═══ DATA RECORDS ═══

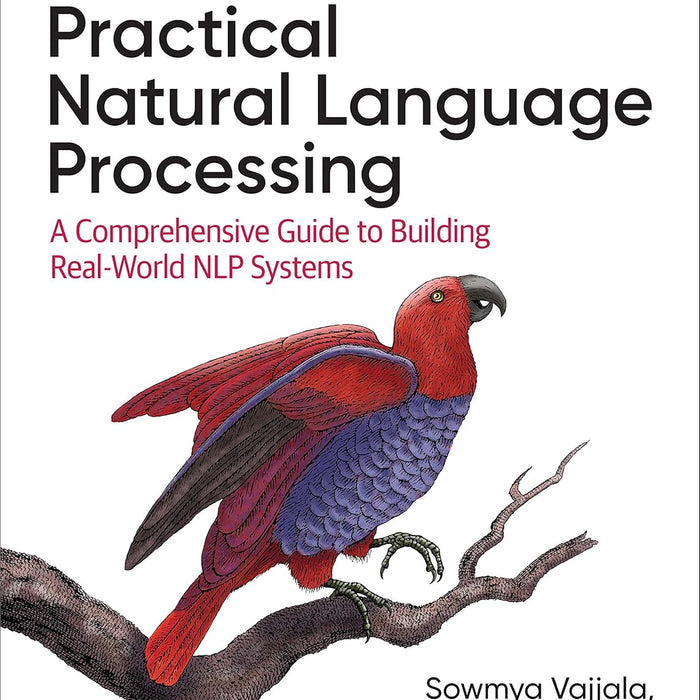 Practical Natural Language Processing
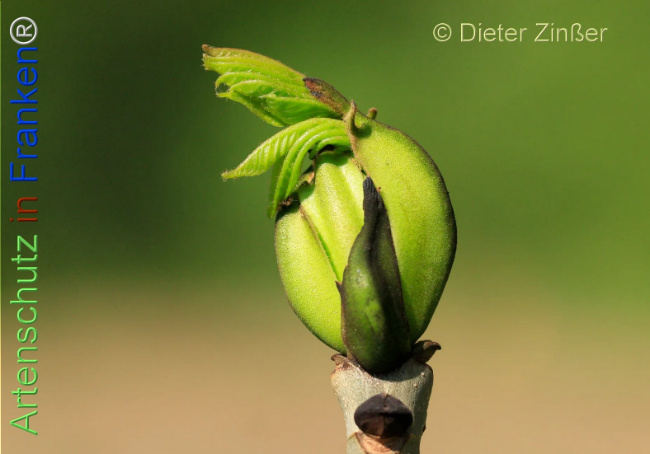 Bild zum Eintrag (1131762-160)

═══
═══ DATA RECORDS ═══

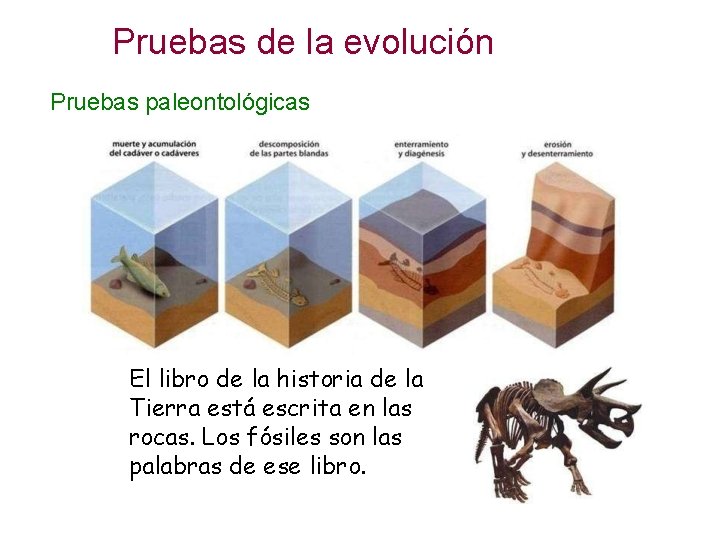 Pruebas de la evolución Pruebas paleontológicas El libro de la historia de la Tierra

═══
═══ DATA RECORDS ═══

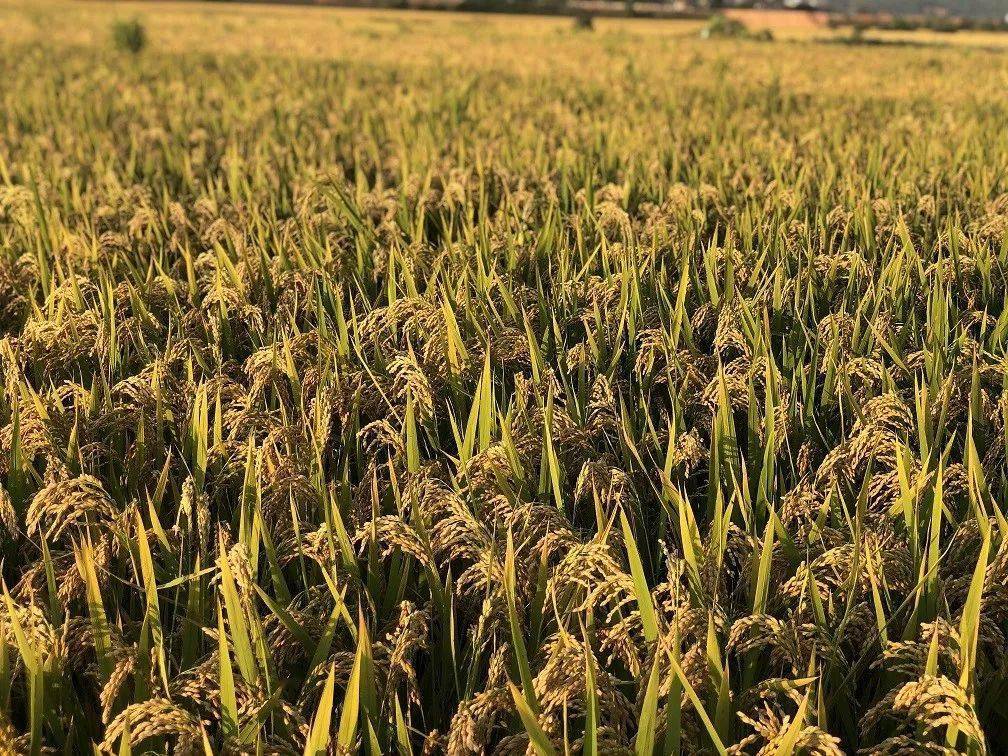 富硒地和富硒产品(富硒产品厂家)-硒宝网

═══

_WHAT TO WORK ON_:
Write out exactly the run of lines above that starts at the line containing "Practical Natural Language Processing" and ends at the line containing "Bild zum Eintrag (1131762-160)". Include both, and leave the pictures out.

_EXPECTED OUTPUT_:
 Practical Natural Language Processing
 Bild zum Eintrag (1131762-160)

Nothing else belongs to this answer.